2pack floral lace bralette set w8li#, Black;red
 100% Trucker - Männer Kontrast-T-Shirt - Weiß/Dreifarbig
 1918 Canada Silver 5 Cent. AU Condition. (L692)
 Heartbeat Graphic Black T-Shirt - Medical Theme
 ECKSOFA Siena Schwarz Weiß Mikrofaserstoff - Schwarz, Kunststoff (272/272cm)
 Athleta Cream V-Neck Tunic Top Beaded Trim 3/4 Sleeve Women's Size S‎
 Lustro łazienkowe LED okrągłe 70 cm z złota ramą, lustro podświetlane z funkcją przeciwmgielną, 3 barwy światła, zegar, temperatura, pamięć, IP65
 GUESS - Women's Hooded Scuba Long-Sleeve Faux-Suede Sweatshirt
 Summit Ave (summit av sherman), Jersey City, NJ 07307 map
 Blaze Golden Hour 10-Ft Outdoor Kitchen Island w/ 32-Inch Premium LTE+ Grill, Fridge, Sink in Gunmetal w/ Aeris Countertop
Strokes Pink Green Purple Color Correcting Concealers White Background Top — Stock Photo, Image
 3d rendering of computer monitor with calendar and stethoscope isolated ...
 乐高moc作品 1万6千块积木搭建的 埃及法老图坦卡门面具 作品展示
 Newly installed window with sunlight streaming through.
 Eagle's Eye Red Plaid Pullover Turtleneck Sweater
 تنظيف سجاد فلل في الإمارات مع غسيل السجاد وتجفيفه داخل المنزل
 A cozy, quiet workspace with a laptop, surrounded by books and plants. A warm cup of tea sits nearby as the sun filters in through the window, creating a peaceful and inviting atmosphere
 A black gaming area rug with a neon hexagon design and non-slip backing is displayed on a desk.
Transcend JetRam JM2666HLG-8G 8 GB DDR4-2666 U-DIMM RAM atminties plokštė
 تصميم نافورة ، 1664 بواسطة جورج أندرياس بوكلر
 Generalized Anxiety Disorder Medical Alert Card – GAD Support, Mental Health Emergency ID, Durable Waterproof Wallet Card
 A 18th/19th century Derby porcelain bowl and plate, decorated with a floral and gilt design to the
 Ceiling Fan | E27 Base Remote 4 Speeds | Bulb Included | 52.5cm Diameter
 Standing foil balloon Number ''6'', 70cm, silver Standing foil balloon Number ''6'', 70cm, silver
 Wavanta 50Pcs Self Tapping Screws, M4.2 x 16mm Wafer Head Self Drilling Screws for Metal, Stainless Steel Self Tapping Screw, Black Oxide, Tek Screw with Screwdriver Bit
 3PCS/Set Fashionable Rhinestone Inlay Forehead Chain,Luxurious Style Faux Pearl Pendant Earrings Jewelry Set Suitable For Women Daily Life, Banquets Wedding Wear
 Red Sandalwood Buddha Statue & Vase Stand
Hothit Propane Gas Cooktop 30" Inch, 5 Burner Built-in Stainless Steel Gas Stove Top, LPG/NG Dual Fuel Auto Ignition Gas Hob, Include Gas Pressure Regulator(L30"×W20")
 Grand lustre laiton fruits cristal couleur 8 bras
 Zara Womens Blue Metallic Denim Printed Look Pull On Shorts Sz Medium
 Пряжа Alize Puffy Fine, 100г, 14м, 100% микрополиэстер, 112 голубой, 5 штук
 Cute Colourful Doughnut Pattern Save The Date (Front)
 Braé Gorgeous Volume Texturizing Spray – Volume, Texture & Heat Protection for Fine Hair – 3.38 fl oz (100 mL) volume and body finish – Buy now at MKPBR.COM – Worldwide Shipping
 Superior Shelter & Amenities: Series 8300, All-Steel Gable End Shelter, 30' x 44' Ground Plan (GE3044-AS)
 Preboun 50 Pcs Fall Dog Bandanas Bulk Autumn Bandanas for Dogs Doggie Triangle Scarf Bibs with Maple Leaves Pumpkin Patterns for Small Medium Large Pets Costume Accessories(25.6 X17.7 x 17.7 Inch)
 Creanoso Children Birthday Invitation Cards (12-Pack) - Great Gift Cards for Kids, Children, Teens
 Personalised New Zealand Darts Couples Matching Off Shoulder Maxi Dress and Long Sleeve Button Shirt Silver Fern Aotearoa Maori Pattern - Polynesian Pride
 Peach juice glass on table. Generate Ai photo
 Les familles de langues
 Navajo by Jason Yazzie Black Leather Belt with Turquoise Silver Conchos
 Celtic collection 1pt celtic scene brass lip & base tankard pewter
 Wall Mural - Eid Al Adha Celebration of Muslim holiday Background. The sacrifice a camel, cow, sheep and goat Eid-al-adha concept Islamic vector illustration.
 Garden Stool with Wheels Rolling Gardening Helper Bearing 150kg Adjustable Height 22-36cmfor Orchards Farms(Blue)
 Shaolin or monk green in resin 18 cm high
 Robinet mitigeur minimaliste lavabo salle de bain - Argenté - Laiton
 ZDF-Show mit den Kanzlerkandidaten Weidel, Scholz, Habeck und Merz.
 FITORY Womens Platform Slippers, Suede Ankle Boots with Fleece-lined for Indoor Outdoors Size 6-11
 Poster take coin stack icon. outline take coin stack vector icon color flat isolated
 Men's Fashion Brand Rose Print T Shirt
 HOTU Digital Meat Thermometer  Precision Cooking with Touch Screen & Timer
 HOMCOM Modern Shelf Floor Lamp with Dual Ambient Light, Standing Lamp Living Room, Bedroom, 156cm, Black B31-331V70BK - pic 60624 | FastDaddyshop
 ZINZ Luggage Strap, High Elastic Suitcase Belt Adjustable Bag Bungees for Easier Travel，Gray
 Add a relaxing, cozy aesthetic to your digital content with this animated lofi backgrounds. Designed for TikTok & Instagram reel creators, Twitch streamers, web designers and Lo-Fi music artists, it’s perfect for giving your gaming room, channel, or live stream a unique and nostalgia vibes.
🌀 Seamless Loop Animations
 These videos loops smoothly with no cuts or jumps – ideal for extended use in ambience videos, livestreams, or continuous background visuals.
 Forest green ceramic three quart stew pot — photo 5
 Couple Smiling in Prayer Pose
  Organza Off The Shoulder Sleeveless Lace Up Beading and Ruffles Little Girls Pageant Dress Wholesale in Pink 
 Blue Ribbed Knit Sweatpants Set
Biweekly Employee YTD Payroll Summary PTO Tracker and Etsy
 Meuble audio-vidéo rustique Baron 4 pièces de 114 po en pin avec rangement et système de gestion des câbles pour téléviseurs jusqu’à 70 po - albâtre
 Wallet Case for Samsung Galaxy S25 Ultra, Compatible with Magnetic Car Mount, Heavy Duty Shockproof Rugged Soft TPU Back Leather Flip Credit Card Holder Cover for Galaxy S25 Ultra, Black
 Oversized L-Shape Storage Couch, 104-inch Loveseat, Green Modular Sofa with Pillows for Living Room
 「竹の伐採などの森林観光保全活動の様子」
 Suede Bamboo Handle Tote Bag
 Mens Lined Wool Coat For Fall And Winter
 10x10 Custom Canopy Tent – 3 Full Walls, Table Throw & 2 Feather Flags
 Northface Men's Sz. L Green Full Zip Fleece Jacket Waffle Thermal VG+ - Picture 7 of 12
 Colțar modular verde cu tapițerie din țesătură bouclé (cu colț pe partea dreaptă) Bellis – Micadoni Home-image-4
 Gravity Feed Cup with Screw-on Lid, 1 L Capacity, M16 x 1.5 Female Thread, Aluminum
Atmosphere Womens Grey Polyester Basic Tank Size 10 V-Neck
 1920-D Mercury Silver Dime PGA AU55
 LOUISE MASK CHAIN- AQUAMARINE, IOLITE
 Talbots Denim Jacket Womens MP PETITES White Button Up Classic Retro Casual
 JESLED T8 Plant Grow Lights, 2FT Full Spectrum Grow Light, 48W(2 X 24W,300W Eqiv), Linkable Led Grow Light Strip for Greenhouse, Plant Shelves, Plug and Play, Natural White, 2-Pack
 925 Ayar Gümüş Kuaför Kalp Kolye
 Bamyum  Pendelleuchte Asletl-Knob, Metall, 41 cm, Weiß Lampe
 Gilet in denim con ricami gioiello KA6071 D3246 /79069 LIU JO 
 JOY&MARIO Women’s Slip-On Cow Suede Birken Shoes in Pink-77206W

* * * * *

EXERCISE DESCRIPTION: Above this instruction are the records; retype exactly the lines from the one containing "Heartbeat Graphic Black" up to and including the one containing "تصميم نافورة ،".

OUTPUT OF THE TASK:
 Heartbeat Graphic Black T-Shirt - Medical Theme
 ECKSOFA Siena Schwarz Weiß Mikrofaserstoff - Schwarz, Kunststoff (272/272cm)
 Athleta Cream V-Neck Tunic Top Beaded Trim 3/4 Sleeve Women's Size S‎
 Lustro łazienkowe LED okrągłe 70 cm z złota ramą, lustro podświetlane z funkcją przeciwmgielną, 3 barwy światła, zegar, temperatura, pamięć, IP65
 GUESS - Women's Hooded Scuba Long-Sleeve Faux-Suede Sweatshirt
 Summit Ave (summit av sherman), Jersey City, NJ 07307 map
 Blaze Golden Hour 10-Ft Outdoor Kitchen Island w/ 32-Inch Premium LTE+ Grill, Fridge, Sink in Gunmetal w/ Aeris Countertop
Strokes Pink Green Purple Color Correcting Concealers White Background Top — Stock Photo, Image
 3d rendering of computer monitor with calendar and stethoscope isolated ...
 乐高moc作品 1万6千块积木搭建的 埃及法老图坦卡门面具 作品展示
 Newly installed window with sunlight streaming through.
 Eagle's Eye Red Plaid Pullover Turtleneck Sweater
 تنظيف سجاد فلل في الإمارات مع غسيل السجاد وتجفيفه داخل المنزل
 A cozy, quiet workspace with a laptop, surrounded by books and plants. A warm cup of tea sits nearby as the sun filters in through the window, creating a peaceful and inviting atmosphere
 A black gaming area rug with a neon hexagon design and non-slip backing is displayed on a desk.
Transcend JetRam JM2666HLG-8G 8 GB DDR4-2666 U-DIMM RAM atminties plokštė
 تصميم نافورة ، 1664 بواسطة جورج أندرياس بوكلر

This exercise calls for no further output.